___ RECORDS TO PROCESS
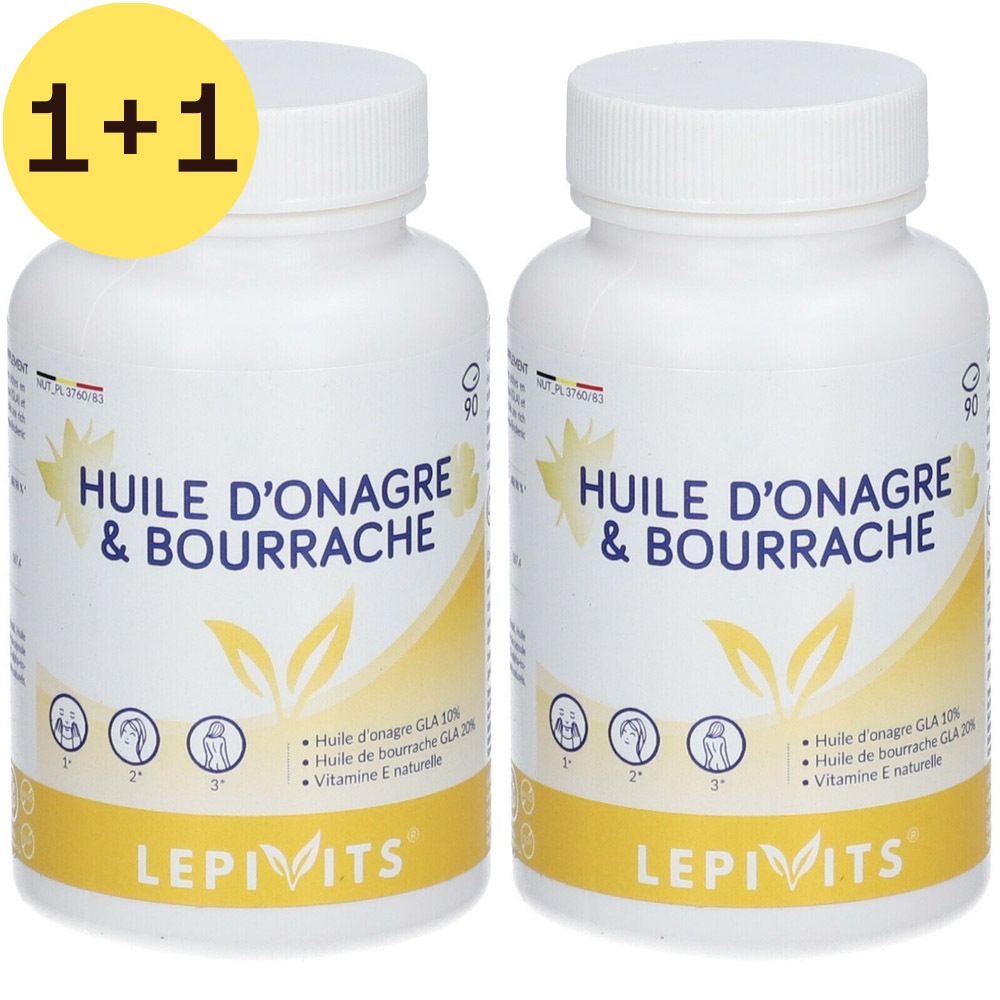 Twee witte flessen met capsules. Opschrift: Huile d'Onagre & Bourrache, Lepivits. Gele cirkel met "2=1".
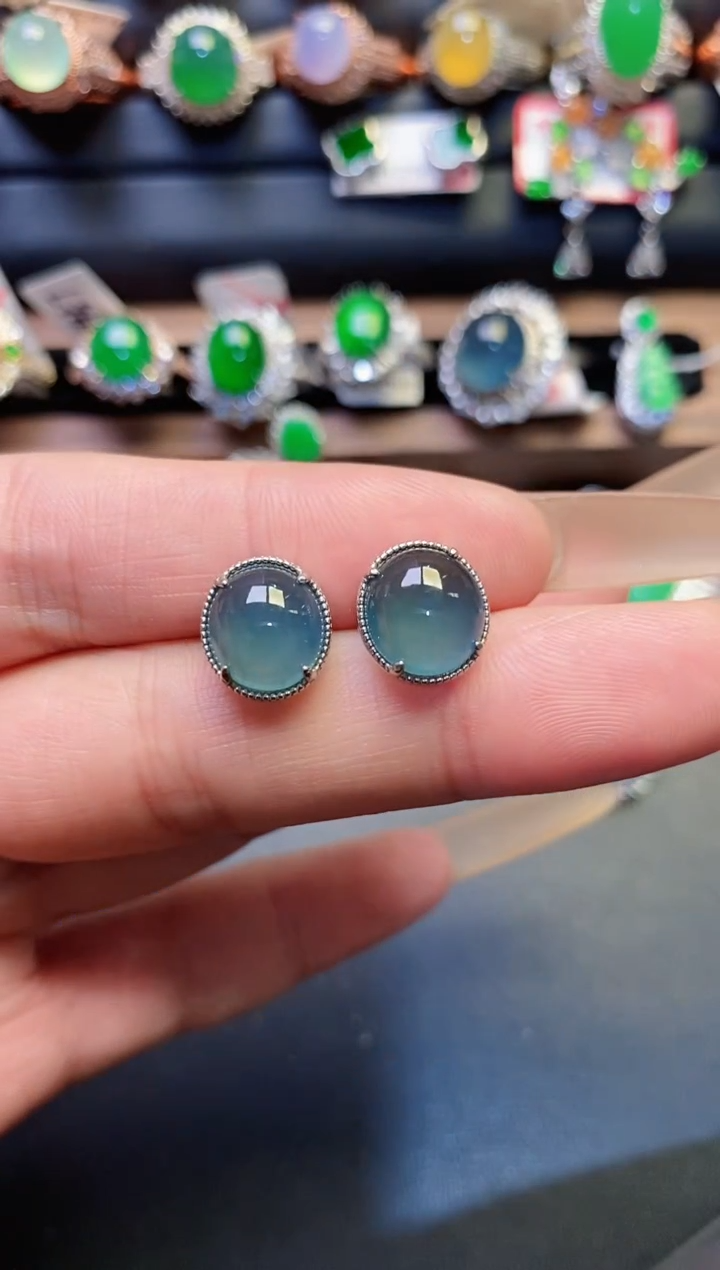 银S925镶嵌戒指翡翠天然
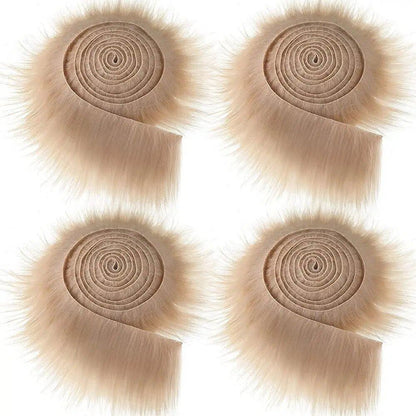 1.5 Meter Faux Fur Ribbon Tape for DIY Sewing, Fluffy Trim, Decorative Fabric, Home Decor, Sewing, Costumes, Striped Plush Fur, Parallel Import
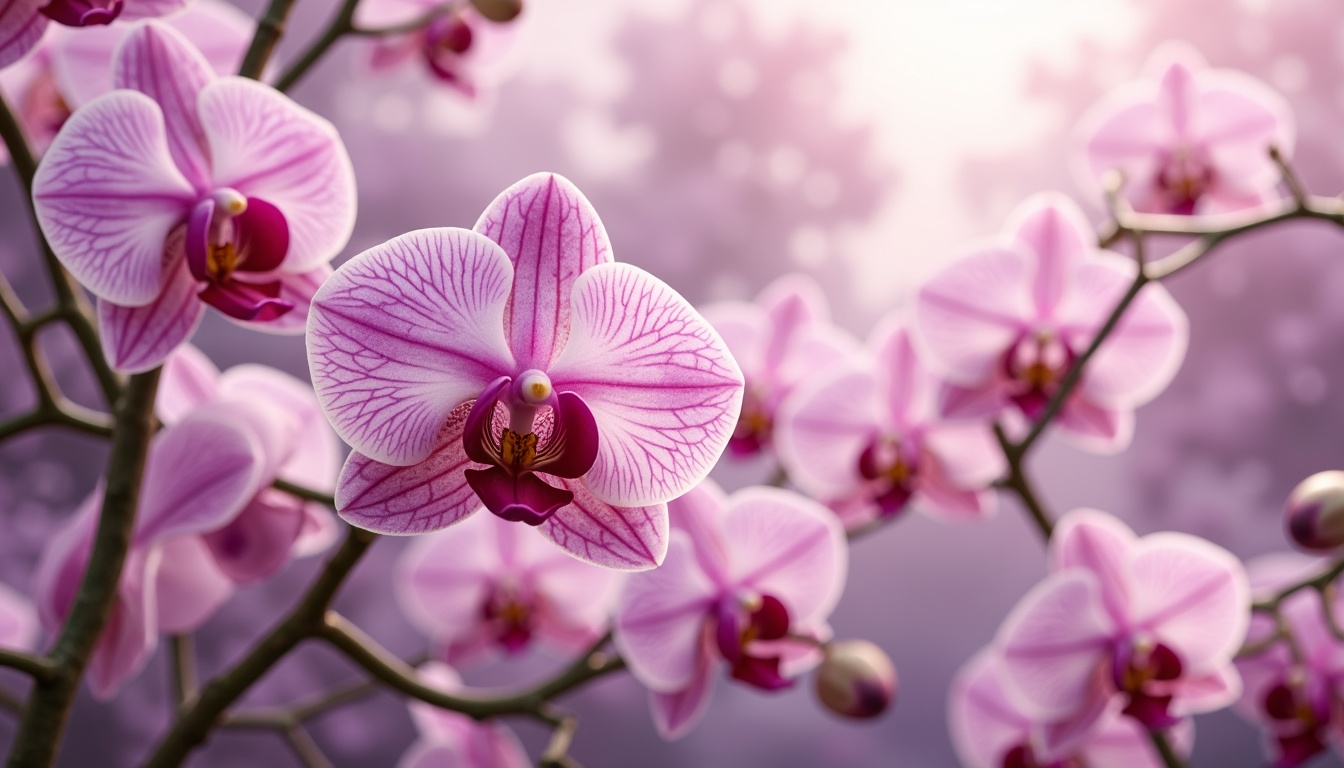 Prompt: Vibrant orchid flowers, delicate petals, soft pastel hues, creamy whites, rich berry tones, subtle pink undertones, luxurious velvety textures, intricate botanical patterns, whimsical illustrations, dreamy atmospheric lighting, shallow depth of field, 1/1 composition, realistic renderings, ambient occlusion.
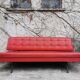 Red leatherette sofa, 1970s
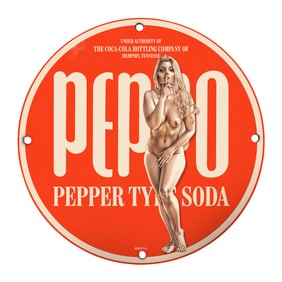 Vintage 8-Inch Porcelain Sign for Pepper Type Soda - Collectible Art Decor
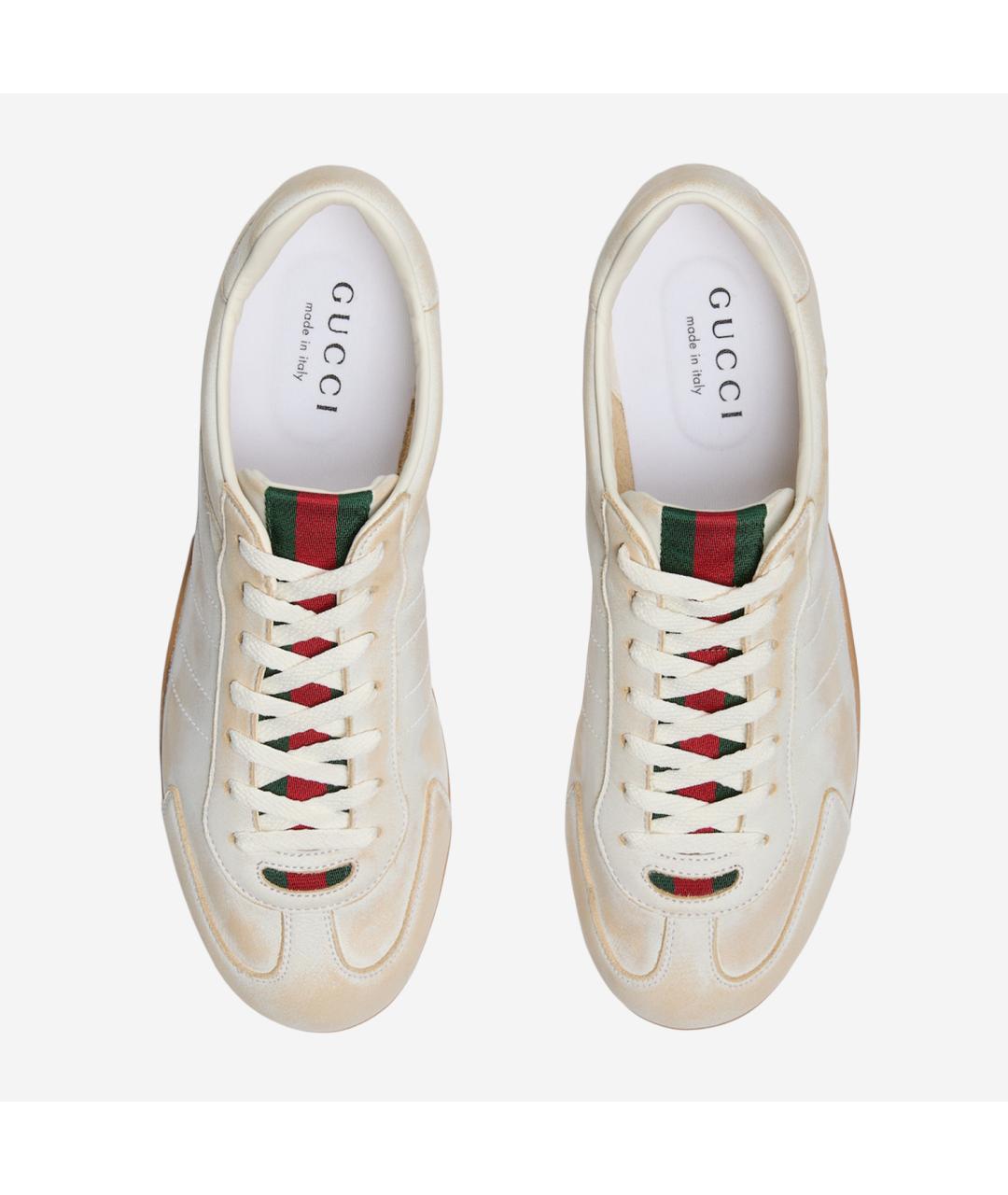 GUCCI Белые кожаные кроссовки, фото 2
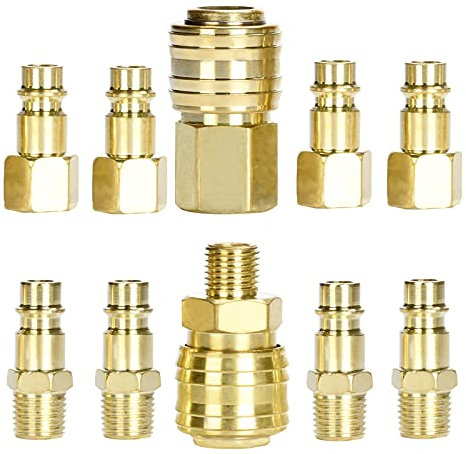 Nutmanel 10 x 1/4 inch BSP Euro Zubehör Schlauch Adapter Kompressor Zubehör Luftkompressor Fitting Ventilbuchse Gewindeanschluss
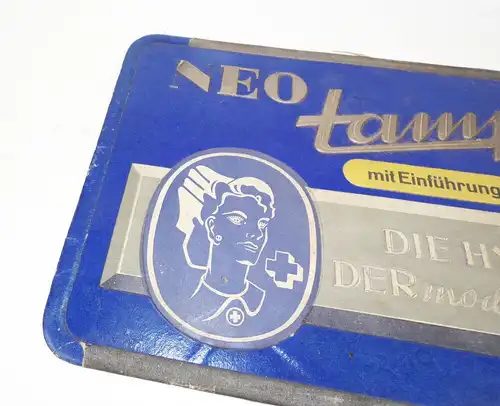 Alter Aufsteller NEO Tampon Frauen Hygiene DDR 1950er Pappschild
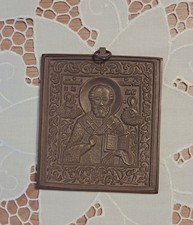 Heiliger Nikolaus von Myra antike russische Bronze Relief-Ikone Bischofsornat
______
--- TASK DESCRIPTION ---
Line by line, write out the data above exactly, without the pictures.

--- REPLY TO THE TASK ---
 Twee witte flessen met capsules. Opschrift: Huile d'Onagre & Bourrache, Lepivits. Gele cirkel met "2=1".
 银S925镶嵌戒指翡翠天然
 1.5 Meter Faux Fur Ribbon Tape for DIY Sewing, Fluffy Trim, Decorative Fabric, Home Decor, Sewing, Costumes, Striped Plush Fur, Parallel Import
 Prompt: Vibrant orchid flowers, delicate petals, soft pastel hues, creamy whites, rich berry tones, subtle pink undertones, luxurious velvety textures, intricate botanical patterns, whimsical illustrations, dreamy atmospheric lighting, shallow depth of field, 1/1 composition, realistic renderings, ambient occlusion.
 Red leatherette sofa, 1970s
 Vintage 8-Inch Porcelain Sign for Pepper Type Soda - Collectible Art Decor
 GUCCI Белые кожаные кроссовки, фото 2
 Nutmanel 10 x 1/4 inch BSP Euro Zubehör Schlauch Adapter Kompressor Zubehör Luftkompressor Fitting Ventilbuchse Gewindeanschluss
 Alter Aufsteller NEO Tampon Frauen Hygiene DDR 1950er Pappschild
 Heiliger Nikolaus von Myra antike russische Bronze Relief-Ikone Bischofsornat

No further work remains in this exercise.